● What you are asked to do
Wherever a line in the records below contains "Picture", copy that line.

*** Input material ***

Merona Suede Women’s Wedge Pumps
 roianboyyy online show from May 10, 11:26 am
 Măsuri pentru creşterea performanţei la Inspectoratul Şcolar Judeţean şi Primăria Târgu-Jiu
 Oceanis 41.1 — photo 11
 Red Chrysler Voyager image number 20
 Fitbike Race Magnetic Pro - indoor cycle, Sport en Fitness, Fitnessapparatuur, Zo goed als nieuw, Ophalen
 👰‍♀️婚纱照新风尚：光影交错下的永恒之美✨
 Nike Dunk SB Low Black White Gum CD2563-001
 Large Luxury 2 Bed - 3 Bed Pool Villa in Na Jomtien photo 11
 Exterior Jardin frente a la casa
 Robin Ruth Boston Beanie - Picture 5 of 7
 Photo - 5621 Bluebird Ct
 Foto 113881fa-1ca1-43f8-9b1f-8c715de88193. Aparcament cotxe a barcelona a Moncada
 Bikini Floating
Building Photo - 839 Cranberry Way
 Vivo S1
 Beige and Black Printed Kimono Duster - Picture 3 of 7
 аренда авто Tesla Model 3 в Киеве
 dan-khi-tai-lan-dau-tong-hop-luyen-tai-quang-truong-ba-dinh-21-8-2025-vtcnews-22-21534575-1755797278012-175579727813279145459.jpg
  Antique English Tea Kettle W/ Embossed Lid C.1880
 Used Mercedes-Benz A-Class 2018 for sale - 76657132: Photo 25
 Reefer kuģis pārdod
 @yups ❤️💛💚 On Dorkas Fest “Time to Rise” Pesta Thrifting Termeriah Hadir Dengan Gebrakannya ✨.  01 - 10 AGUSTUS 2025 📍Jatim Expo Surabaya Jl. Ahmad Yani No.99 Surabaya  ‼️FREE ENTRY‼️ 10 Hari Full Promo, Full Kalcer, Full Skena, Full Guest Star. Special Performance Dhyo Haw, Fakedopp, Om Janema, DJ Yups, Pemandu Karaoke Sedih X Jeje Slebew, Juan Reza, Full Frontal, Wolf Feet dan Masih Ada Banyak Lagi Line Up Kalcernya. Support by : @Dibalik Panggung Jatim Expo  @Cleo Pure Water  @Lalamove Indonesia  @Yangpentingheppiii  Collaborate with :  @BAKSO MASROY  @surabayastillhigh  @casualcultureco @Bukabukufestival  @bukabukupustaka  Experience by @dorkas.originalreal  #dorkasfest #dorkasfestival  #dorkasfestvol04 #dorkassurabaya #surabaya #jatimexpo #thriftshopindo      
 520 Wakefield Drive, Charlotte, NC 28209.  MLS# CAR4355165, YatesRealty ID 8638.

*** End of Input material ***

● Answer area
 Robin Ruth Boston Beanie - Picture 5 of 7
 Beige and Black Printed Kimono Duster - Picture 3 of 7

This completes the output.